> Aim of the task:
Output the full listing below exactly; the images stay out.

> Data section:
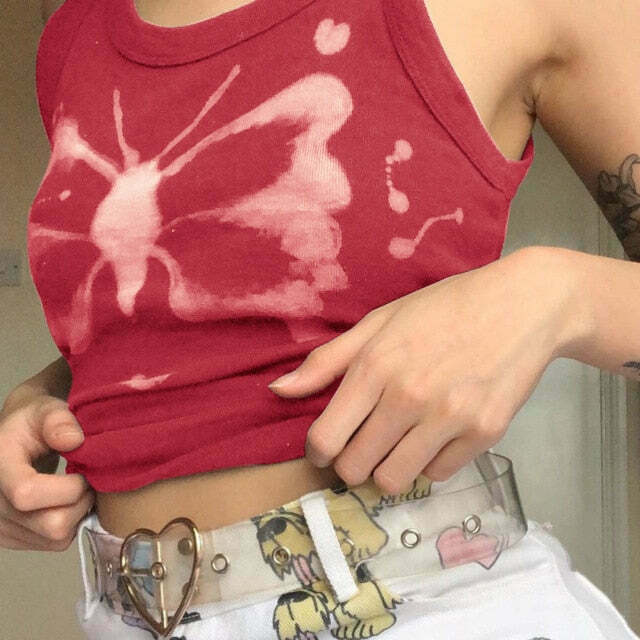 Indie Butterfly Crop Top - Y2K Fashion Aesthetic with Coquette and Grunge Style Elements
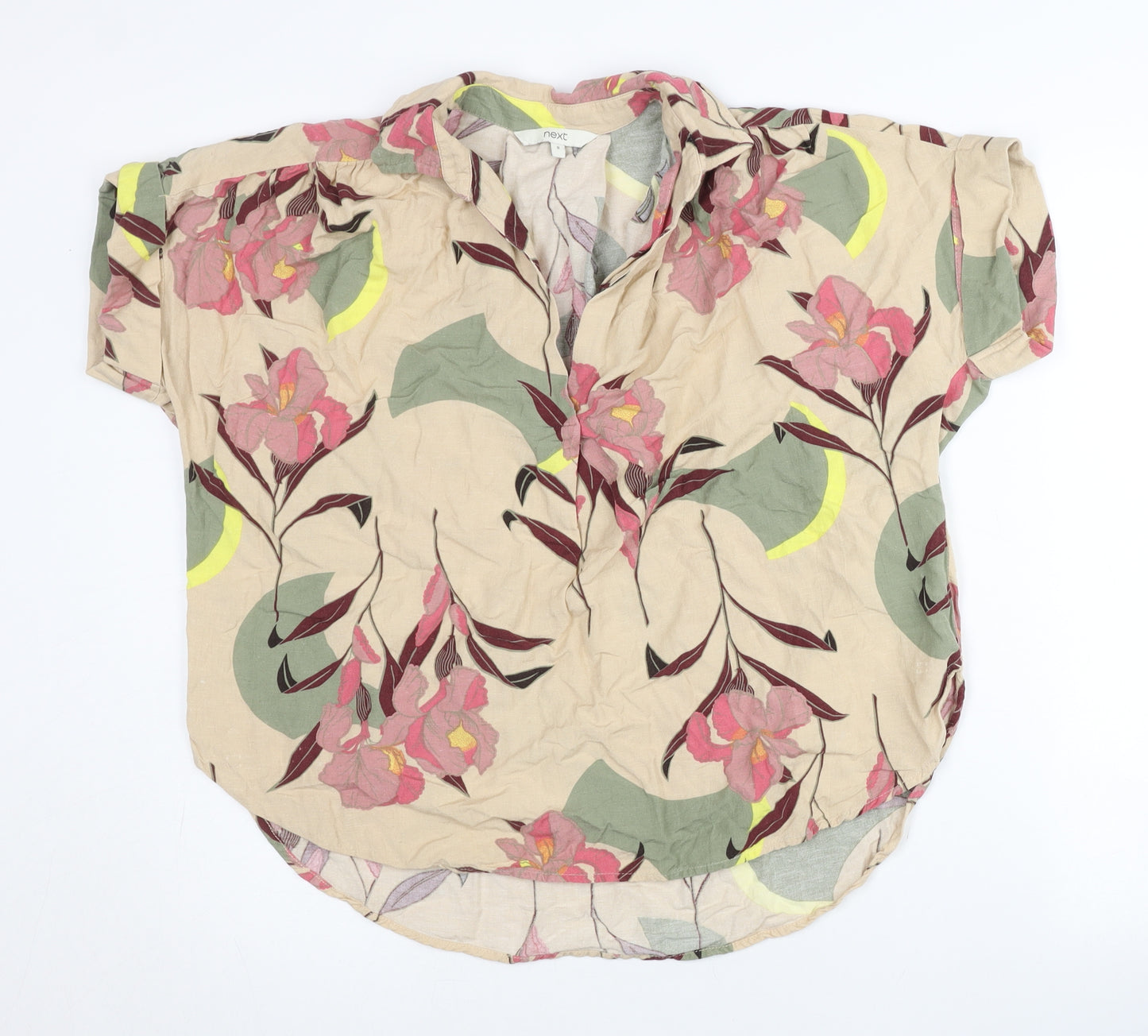 Next Womens Beige Floral Short Sleeve Tunic Blouse UK 8 Viscose Blend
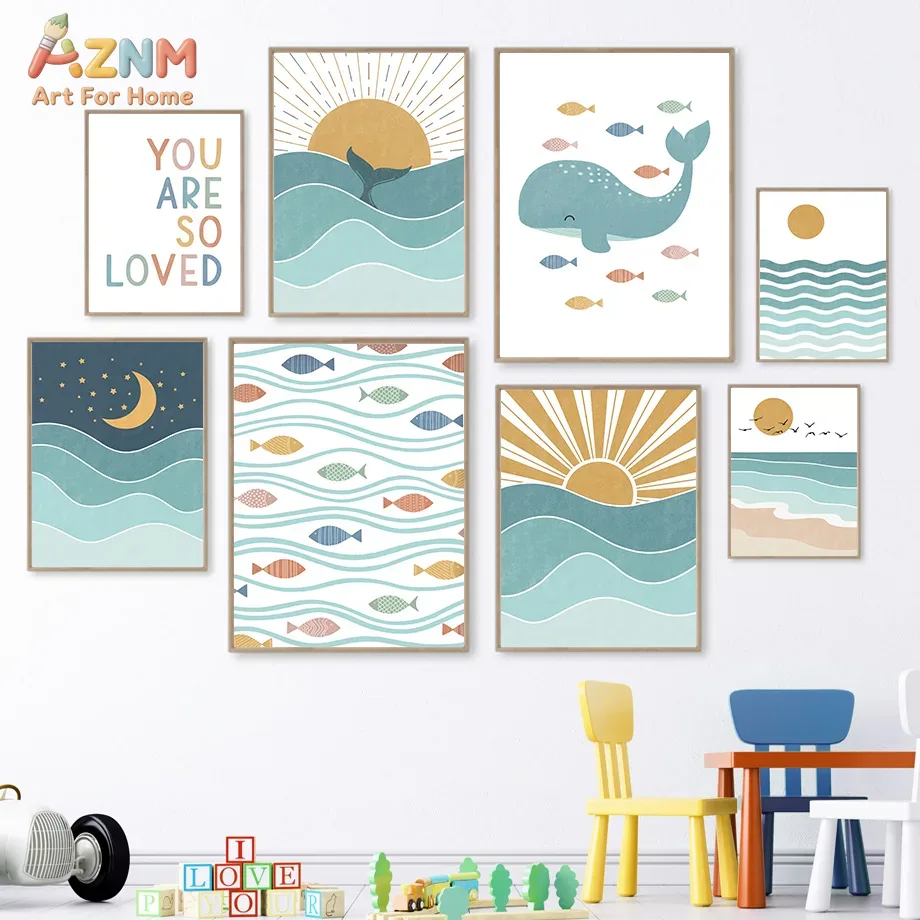 AZNM Boho Ocean Canvas Wall Ar - Baby Nursery Prints 评论和价格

> Result of the exercise:
 Indie Butterfly Crop Top - Y2K Fashion Aesthetic with Coquette and Grunge Style Elements
 Next Womens Beige Floral Short Sleeve Tunic Blouse UK 8 Viscose Blend
 AZNM Boho Ocean Canvas Wall Ar - Baby Nursery Prints 评论和价格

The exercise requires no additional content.